Suite à cette réunion, François Biltgen (CSV), ministre aux relations avec le parlement a envoyé le 4 mai une lettre au président de la Chambre des députés, Jean Spautz, dans laquelle il lui soumet «une proposition d'ordre du jour» pour les deux semaines à venir. Le ministre y énumère quelque 25 projets de loi et débats à tenir, avec les dates parfois approximatives, parfois exactes, de leur évacuation souhaitée : le partenariat mercredi 12, le même jour que les Sicar et l'organisation des lycées et lycées techniques ; la loi sur la liberté d'expression dans les médias le 13, le même jour que l'aménagement communal, les soins palliatifs entre le 11 et le 21 mai, durant cette dernière semaine devront encore passer des projets gigantesques comme le blanchiment, les relations collectives de travail, le Service de renseignements, les transports publics... Certains grands projets ont été discutés durant plusieurs années, d'autres sortent de nulle part, ils sont présentés et le projet de rapport adopté dans une même réunion de la commission parlementaire en charge du dossier.
«Nous ne sommes plus qu'une machine à adopter des lois,» estime Jeannot Krecké. Qui, forcément conscient des rapports de force, se sent pieds et poings liés, dans l'impossibilité de contribuer au débat ou d'influencer un tant soit peu une loi. «Plus personne n'a le temps de lire les dossiers, les députés ne connaissent plus le contenu des textes, les propositions de loi de l'opposition sur un sujet ne sont même plus mises à l'ordre du jour, les chambres professionnelles et la société civile ne sont plus entendues.... » Rien que cette semaine, l'ordre du jour des séances publiques prévoyait 19 votes de projets de loi, plus un débat de consultation sur la mobilophonie. Deux séances furent ajoutées au programme normal, mercredi et jeudi matin, il est maintenant même question de prolonger la session de quelques jours, au moins le 21 mai encore (un vendredi). Pour préparer le travail des séances plénières, des commissions parlementaires sont réunies à la hâte, invitations, modifications, annulations se suivent à un rythme endiablé dans les boîtes aux lettres électroniques des députés. Qui trouvent cette panique de moins en moins drôle, parce que d'une part, ils sont obligés de bâcler leur travail, et de l'autre sont de plus en plus pris par la campagne électorale, qui demande un investissement et une disponibilité énormes.

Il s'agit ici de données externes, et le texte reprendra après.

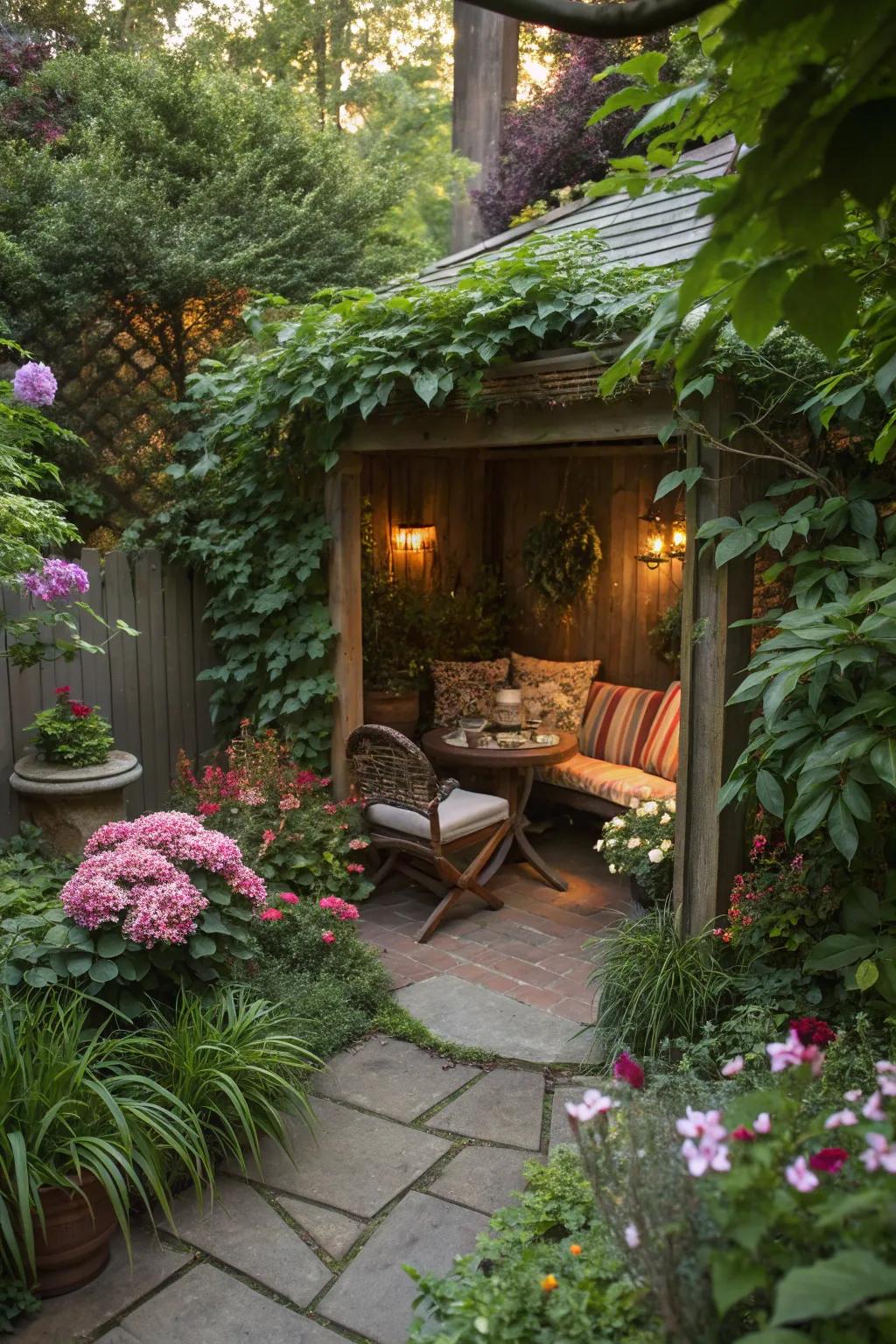 A garden hideaway delivers seclusion and peace.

«On dirait que certains ministres sont persuadés qu'ils vivent leurs dernières semaines à ce poste,» ironise François Bausch. Qui n'a pas souvenir d'une telle pression à la fin des législatures précédentes. Certes, avant chaque échéance législative, les majorités politiques aiment encore marquer de leur sceau une époque. Mais le travail bâclé n'est pas vraiment un gage de démocratie, on ne peut plus y faire de la politique. Certes, toutes les lois (bonnes ou mauvaises) ainsi adoptées ne sont pas forcément réalisées, à la majorité suivante de les accepter ou non - le Rehazenter et la Rockhal en sont deux exemples marquants de 1999. Néanmoins, on en garde une impression de gâchis.